Pop Music | Level 42: Late Hippies
The Mark Knopfler of bass: Mark King. Both Marks succeeded in coaxing new sounds from a familiar instrument. A song by Dire Straits or Level 42 can be recognized after just a few bars.
The fact that neither band found any notable imitators is unusual for an industry in which pretty much anything even remotely successful or promising is adapted, copied, or plagiarized. This speaks to the outstanding craftsmanship, but also to the fact that the music contained something that defied imitation.
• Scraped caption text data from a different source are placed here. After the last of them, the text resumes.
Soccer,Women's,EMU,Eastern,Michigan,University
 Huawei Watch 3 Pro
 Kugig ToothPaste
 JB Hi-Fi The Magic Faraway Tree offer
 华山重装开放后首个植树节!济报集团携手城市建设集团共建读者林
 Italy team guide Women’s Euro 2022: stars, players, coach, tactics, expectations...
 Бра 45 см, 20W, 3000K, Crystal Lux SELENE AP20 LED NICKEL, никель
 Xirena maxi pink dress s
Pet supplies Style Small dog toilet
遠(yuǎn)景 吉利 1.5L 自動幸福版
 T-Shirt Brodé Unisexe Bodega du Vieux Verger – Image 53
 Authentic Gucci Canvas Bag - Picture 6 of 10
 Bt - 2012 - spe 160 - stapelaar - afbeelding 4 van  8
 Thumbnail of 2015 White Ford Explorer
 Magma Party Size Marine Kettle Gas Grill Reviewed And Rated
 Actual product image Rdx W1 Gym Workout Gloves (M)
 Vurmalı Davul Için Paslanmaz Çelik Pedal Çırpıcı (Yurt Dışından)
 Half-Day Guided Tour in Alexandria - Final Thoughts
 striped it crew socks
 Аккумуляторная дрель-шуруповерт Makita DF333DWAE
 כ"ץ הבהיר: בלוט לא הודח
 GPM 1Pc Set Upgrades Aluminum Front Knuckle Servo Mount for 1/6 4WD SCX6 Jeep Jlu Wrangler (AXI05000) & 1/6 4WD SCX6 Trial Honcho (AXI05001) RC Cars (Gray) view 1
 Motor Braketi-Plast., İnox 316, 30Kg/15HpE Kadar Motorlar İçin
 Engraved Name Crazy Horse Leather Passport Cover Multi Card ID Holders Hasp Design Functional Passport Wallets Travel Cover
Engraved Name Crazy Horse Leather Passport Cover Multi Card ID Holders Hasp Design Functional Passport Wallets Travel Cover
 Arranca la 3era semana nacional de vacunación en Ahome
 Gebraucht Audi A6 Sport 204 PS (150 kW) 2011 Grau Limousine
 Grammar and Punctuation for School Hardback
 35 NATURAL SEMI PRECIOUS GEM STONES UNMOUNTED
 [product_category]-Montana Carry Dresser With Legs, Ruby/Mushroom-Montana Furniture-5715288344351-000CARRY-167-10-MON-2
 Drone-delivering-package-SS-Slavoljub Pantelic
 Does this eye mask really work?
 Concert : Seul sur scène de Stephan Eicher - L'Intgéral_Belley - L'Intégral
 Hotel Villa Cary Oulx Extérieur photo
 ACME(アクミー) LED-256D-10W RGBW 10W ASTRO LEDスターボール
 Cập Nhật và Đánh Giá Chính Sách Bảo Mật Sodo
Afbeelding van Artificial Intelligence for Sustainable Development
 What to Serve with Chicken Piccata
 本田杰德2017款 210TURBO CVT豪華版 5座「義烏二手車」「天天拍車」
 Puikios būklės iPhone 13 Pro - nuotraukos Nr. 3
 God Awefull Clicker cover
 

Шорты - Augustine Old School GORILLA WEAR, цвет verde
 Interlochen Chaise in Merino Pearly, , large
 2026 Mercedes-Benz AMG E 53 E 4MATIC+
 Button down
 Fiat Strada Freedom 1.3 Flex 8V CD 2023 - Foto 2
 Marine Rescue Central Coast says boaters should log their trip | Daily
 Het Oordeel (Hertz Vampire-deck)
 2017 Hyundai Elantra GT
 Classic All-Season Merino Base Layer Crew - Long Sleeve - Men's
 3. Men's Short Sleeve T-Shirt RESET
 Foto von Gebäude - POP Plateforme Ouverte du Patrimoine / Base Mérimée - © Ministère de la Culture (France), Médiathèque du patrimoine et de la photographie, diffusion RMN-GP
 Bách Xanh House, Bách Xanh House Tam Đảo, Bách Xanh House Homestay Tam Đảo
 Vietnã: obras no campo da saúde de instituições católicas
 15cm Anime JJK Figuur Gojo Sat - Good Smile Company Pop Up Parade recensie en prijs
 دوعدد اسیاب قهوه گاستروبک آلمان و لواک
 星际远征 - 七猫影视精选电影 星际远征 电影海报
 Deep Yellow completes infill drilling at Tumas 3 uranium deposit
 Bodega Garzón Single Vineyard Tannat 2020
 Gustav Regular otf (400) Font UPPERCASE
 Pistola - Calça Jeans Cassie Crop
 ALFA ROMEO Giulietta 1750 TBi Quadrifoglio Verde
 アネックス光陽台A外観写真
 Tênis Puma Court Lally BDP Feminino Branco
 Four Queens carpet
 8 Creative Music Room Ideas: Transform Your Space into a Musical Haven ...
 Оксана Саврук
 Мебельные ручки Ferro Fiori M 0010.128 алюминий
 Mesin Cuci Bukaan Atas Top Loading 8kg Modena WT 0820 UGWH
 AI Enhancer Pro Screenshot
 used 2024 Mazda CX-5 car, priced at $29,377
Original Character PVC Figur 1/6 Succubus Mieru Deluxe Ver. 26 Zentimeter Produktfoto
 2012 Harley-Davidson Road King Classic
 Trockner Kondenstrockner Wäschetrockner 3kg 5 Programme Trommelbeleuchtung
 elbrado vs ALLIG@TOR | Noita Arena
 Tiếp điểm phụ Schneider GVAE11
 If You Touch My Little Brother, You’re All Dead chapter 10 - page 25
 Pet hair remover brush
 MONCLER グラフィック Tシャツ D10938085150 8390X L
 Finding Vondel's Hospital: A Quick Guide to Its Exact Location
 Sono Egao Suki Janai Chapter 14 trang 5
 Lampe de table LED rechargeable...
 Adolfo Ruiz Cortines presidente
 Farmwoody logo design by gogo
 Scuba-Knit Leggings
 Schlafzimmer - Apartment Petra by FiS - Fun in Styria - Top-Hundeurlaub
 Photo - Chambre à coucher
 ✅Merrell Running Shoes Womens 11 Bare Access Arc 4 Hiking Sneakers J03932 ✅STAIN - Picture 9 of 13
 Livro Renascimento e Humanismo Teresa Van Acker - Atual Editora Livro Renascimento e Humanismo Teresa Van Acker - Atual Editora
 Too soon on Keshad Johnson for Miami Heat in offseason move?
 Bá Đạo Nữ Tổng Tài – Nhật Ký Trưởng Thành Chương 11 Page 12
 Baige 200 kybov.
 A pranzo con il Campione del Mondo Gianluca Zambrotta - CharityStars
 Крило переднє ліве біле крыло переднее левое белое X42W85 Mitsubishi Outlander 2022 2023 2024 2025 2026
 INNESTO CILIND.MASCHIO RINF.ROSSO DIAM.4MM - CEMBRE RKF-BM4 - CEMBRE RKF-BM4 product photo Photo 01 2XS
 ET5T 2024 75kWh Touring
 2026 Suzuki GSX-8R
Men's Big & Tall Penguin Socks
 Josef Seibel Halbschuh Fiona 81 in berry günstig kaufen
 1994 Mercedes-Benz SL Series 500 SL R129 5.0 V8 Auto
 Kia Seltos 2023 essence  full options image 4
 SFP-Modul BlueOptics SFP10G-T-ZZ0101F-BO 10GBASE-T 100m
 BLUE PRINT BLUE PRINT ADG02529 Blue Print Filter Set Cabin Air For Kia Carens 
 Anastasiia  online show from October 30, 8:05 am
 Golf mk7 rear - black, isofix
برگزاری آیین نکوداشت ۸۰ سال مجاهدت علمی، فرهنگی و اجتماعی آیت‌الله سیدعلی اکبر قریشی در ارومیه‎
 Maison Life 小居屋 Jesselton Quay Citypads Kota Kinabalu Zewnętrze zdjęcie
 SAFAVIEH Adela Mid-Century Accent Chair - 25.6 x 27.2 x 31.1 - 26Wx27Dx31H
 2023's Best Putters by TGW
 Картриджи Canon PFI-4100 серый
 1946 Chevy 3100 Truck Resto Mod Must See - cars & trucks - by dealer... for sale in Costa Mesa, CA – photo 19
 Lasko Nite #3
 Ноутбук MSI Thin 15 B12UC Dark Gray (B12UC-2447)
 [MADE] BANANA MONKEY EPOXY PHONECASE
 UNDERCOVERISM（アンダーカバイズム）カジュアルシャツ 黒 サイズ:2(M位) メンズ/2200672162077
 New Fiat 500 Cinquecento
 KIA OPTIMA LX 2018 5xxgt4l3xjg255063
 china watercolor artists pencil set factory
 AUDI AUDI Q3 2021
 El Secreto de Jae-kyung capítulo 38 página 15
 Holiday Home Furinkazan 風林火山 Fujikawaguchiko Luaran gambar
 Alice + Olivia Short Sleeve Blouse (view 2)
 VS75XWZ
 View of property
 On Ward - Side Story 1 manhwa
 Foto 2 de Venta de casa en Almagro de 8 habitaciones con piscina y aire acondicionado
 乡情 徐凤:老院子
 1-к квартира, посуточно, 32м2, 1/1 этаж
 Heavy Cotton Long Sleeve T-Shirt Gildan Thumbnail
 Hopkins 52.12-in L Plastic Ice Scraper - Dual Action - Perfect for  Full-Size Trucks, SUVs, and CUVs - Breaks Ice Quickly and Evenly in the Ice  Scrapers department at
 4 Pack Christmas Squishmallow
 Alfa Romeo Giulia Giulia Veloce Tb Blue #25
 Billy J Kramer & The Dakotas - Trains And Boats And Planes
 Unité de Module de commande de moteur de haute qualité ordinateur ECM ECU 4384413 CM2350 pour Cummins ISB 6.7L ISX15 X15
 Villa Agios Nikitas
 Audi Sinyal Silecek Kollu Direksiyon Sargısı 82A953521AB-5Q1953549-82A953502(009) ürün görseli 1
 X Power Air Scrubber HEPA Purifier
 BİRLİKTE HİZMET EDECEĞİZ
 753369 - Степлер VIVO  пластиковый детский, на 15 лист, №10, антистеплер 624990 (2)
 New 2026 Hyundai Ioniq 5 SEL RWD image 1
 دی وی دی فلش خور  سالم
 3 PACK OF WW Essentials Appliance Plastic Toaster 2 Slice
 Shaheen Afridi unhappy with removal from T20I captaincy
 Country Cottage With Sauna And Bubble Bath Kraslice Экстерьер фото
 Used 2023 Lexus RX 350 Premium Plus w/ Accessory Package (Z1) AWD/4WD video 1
The 80s are said to have been cold and cynical, especially in comparison to the idealistic 60s, but also to the sobering 70s, when people huddled together – teapot within reach – to salvage at least a little happiness (even if their big dreams hadn't worked out). Punk and New Wave ended this illusion, too. There was no real life in the fake one. And if you couldn't change the world, you at least wanted to face it coolly. "YES to NO" was the slogan of a 1986 campaign by the zeitgeist magazine "Wiener," which pretty well captured the general attitude – "the world is bad, I'm fine with it!"
Level 42 were never cool. Mark King looked like a sad, sulky boy who'd been teased too much in the schoolyard. Drummer Phil Gould and his brother, guitarist Rowland "Boon" Gould, on the other hand, looked like softies. In the '80s, that's what they called young men who seemed too sensitive for the world. And at least this was true of "Boon" Gould. He suffered from bouts of depression and panic attacks throughout his life and hanged himself in 2019. Only keyboardist Mike Lindup, who radiated serenity and cheerfulness, didn't quite fit into the group picture. On the other hand, he also contributed the least to the creation of the songs.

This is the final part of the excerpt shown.